Join Groups are currently only leveraged today during hash join processing.  Additionally, all operators below the hash join must be enabled to carry/transmit the join key column encodings all the way through the row sources (and not require expanding or decompressing the encodings).  For example, if we have a parallel hash join plan, underneath the hash join (on either side) may be a Table Queue (TQ) operators.  TQ operators today requires encoded values to be decompressed/decoded before messages are transmitted to receiving end points.  In doing so, we lost the shared mapping / codes which Join Groups provide (and which the new Join Group Aware HJ processing requires) , and have instead the actual join key value/len pairs.  So definitely there can be no distribution happening underneath either side of the hash join.

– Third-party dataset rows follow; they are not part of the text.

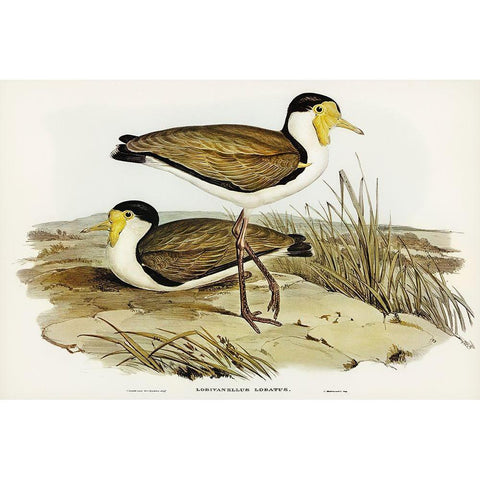 Wattle Pewit-Lobivanellus lobatus Gold Ornate Wood Framed Art Print with Double Matting by Gould, John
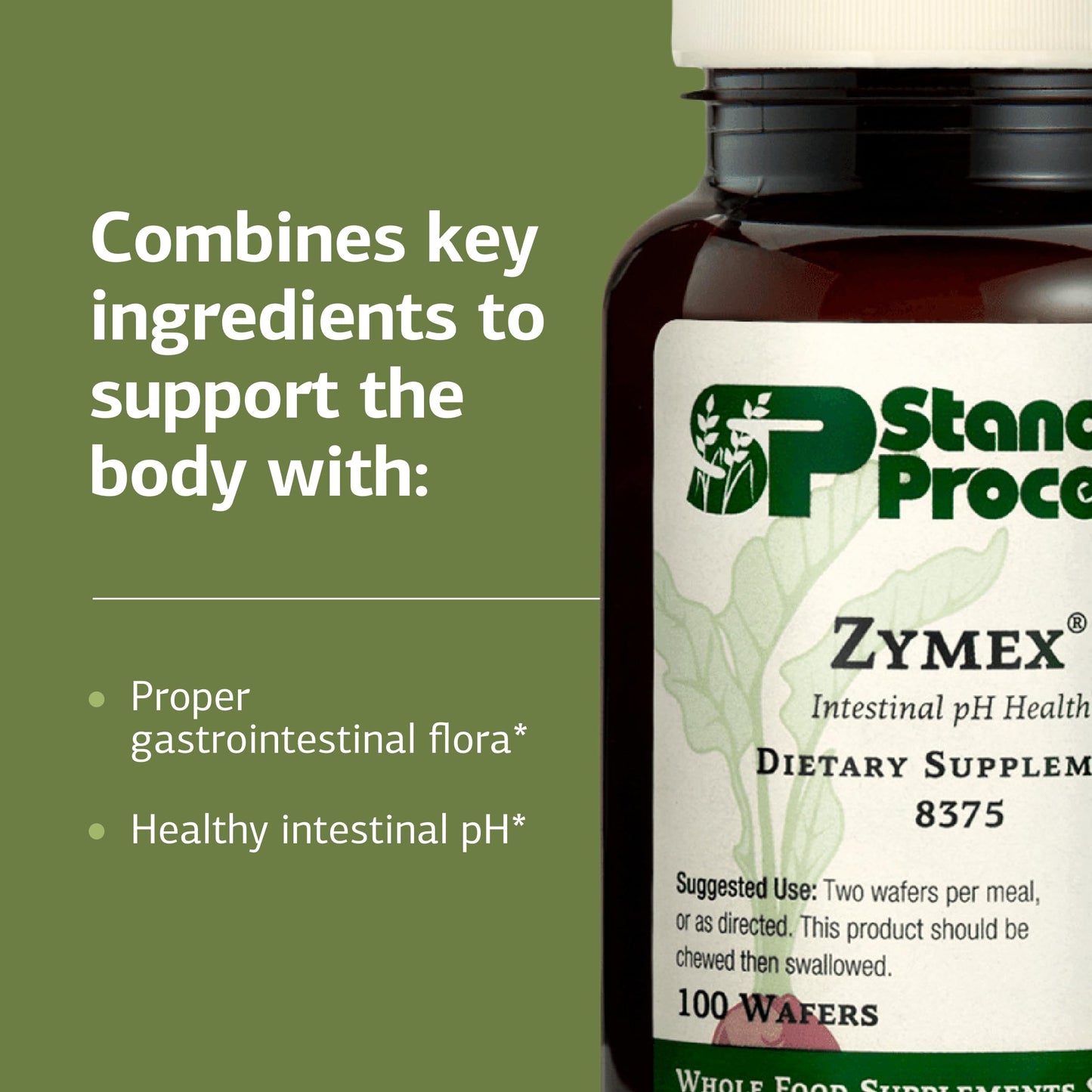 Standard Process Inc. Zymex Wafers Digestive & Gut Health - Provides pH & Intestinal Tract Support - Vegetarian & Non-Soy, 100 Tablets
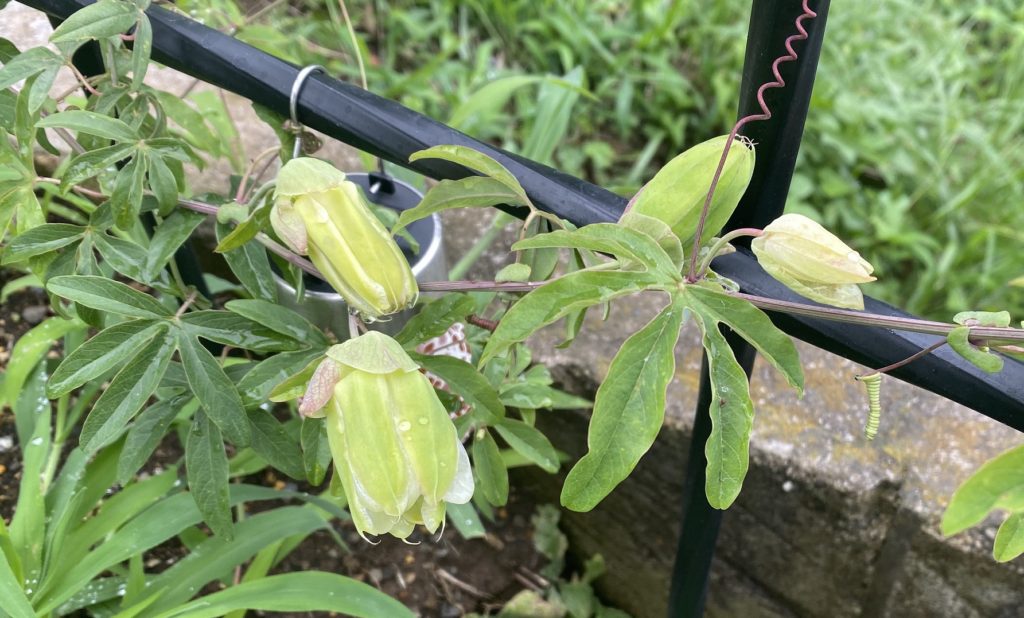 トケイソウ コンスタンスエリオット しぼんだ花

Furthermore, the SQL monitor report provides two new row source statistics associated with the HASH JOIN operator which can determine if Join Groups are leveraged during SQL execution.  These two stats are called “Columnar Encodings Observed” and “Columnar Encodings Leveraged”.  Both stats are cumulative in that when a HASH JOIN operator is running in parallel, these two stats reported are the summation of the stats collected from all slave processes involved in executing the HASH JOIN row source.  Due to a restriction on SQL monitor stats currently, these two stats are overloaded for multiple purposes.  As they relate to Join Group usage, if a slave process optimizes join processing with Join Groups, then the “Columnar Encodings Leveraged” stat is incremented, while the “Columnar Encodings Observed” is not.

To summarize, in order for Join Groups to be leveraged for faster hash join processing, the hash join row source must either be evaluated serially or with parallel execution without redistribution.  SQL monitor report will further show a positive “Columnar Encodings Leveraged” statistics, and a non-existent “Columnar Encodings Observed” stat.

When are Join Groups NOT Leveraged

Join Groups will not always get leveraged during SQL execution for a variety of reasons.  The main reason is because the execution plan overall disallows its use, as noted earlier.  Listed below are some other reasons explaining why Join Groups won’t get used:

  1. Inner (build) table contains multiple duplicate keys (i.e. many to many join)
  2. Not enough memory available to store Join Group array.
  3. Too many modified / invalid rows in the column store (currently 12.5% threshold).
  4. Payload columns from inner (build) table are too large, or if payload record itself is too large.
  5. The build side of the join (payload columns + join key) must reside entirely in-memory (no spilling).

Original publish date: April 5, 2018